Argentina's lubricants demand fell in May for the first time in five months, as the unusually strong growth of March and April began to unwind
The fall broke a five-year seasonal pattern — demand has risen from April to May in each of the previous four years
Weaker domestic demand could free additional supply for export, adding to improving availability in global base oils markets
Argentina's lubricants demand fell in May for the first time in five months, the latest sign that the disruption-driven buying surge of March and April was reversing across global markets.
Demand fell to 18,300 cubic metres (16,200 tonnes) in May, down 2.5% from a year earlier and by 1% from April, Ministry of Economy data showed.
Argentina's lubricants demand rose from April to May in each of the previous four years.
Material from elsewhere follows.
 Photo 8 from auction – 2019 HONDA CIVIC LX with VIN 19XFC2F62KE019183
This year's fall extended a pattern already visible in Europe and Asia, where buyers accelerated purchases during March and April before drawing on those stocks in May.
Demand instead reverted in May toward underlying consumption.
Key Highlights
· Automobile lubricants demand fell 2% year on year after rising 6.9% in April and 10.6% in March.
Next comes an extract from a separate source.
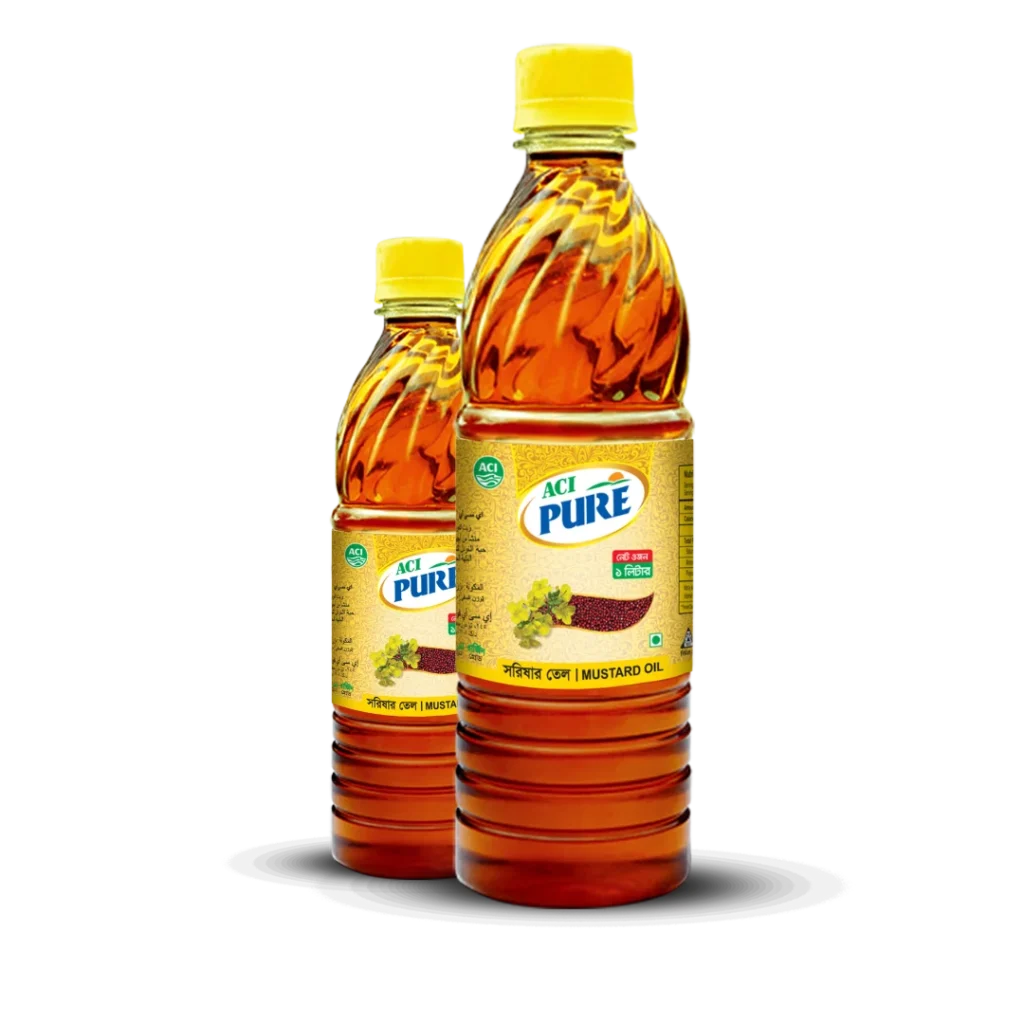 ACI Pure Mustard Oil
· Industrial oils demand declined 6% after increasing 14.3% in April and 1% in March.
· Lubricants demand fell in May from April for the first time in five years, breaking a seasonal pattern and reinforcing a similar trend in other markets including Italy.
· The March-April surge in domestic demand reduced volumes available for export, which slumped in May to a six-month low.
Market Repercussions
The earlier surge in domestic demand absorbed surplus production, slashing supply available for export in May.
The slowdown in May demand reduced pressure on domestic supplies and increased the scope for export availability to recover during the coming months.
Any recovery in exports would add to growing surplus availability from Northeast Asia and steady shipments from Saudi Arabia, reinforcing the gradual improvement in global supply.
Argentina’s lubricants demand would then increasingly depend on the country's underlying industrial and economic activity rather than disruption-driven inventory building.